The September 12, 1997, interim final rule provided a supply of
small sized red seedless grapefruit to meet market demand, without
saturating all markets with these small sizes. The committee believes
that if the supply of small sizes were limited early in the season,
prices can be stabilized at a higher level. This provides increased
returns for growers. In addition, if more small grapefruit were allowed
to remain on the tree to increase in size and maturity, it could
provide greater returns to growers.
The committee surveyed shipment data covering the 11 week
regulatory period for the last four seasons and examined tables
outlining weekly f.o.b. figures for each size. The committee believed
that if shipments of small sizes can be maintained at around 250,000
cartons a week, prices should stabilize and demand for larger, more
profitable sizes should increase. The established weekly percentages,
when combined with the average weekly shipments for the total industry,
should help maintain industry shipments of sizes 48 and/or 56 red
seedless grapefruit at quantities close to the 250,000 carton level per
regulated week. A stabilized price that returns a fair market value
benefits both small and large growers and handlers.
The 11-week volume regulation may require more selective picking of
only the sizes desired, something that many growers are doing already.
The UF-IFAS study indicated that returns could increase if growers
harvest selectively and return to repick groves as the grapefruit
sized.
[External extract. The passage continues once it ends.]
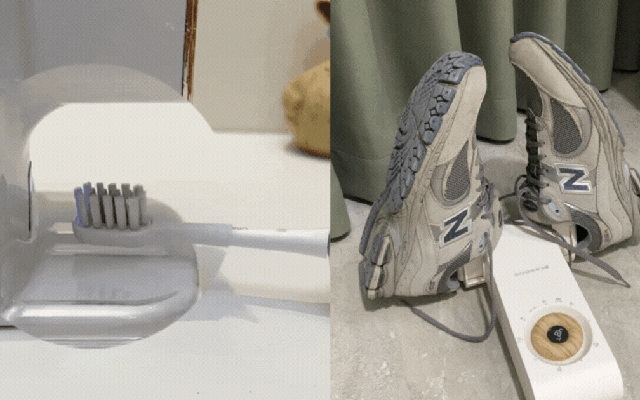 6 món đồ "bỏ thì thương vương thì tội", tôi thật sự khó xử với chúng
This also allows growers to maximize returns on fresh grapefruit
by not picking unprofitable grades and sizes of red grapefruit that are
sent to the less profitable processing market. The study indicated that
selective harvesting can reduce the f.o.b.
[[Page 58639]]
cost per carton. The study also indicates that increasing minimum size
restrictions could help to raise returns.
Fifty-nine percent of red seedless grapefruit is shipped to fresh
market channels. There is a processing outlet for grapefruit not sold
into the fresh market. However, the vast majority of processing is
squeezing the grapefruit for juice. Because of the properties of the
juice of red seedless grapefruit, including problems with color, the
processing outlet is limited, and not currently profitable. Therefore,
it is essential that the market for fresh red grapefruit be fostered
and maintained. Any costs associated with this action are only for the
11 week regulatory period. However, benefits from this action could
stretch throughout the entire 33 week season. Even if this action was
successful only in raising returns a few pennies a carton, when applied
to 34 million cartons of red seedless grapefruit shipped to the fresh
market, the benefits should more than outweigh the costs.
The limits established in the weekly volume regulation are based on
percentages applied to a handler's average week. This process was
established by the committee because it was the most equitable. All
handlers have access to loans and transfers. Handlers and growers both
will benefit from increased returns. The costs or benefits of this rule
are not expected to be disproportionately more or less for small
handlers or growers than for larger entities.
The committee discussed alternatives to the recommended volume
regulation. The committee discussed eliminating shipments of size 56
grapefruit all together. Several members expressed that there is a
market for size 56 grapefruit. Members favored the percentage rule
recommended because it supplies a sufficient quantity of small sizes
should there be a demand for size 56. Therefore, the motion to
eliminate size 56 was rejected. Another alternative discussed was to do
nothing. However, the committee rejected this option, taking in account
that returns would remain stagnant without action. Thus, the majority
of committee members agreed that weekly percentages should be
established as recommended for the shipment of small sized red seedless
grapefruit for the 11 week period beginning September 15, 1997.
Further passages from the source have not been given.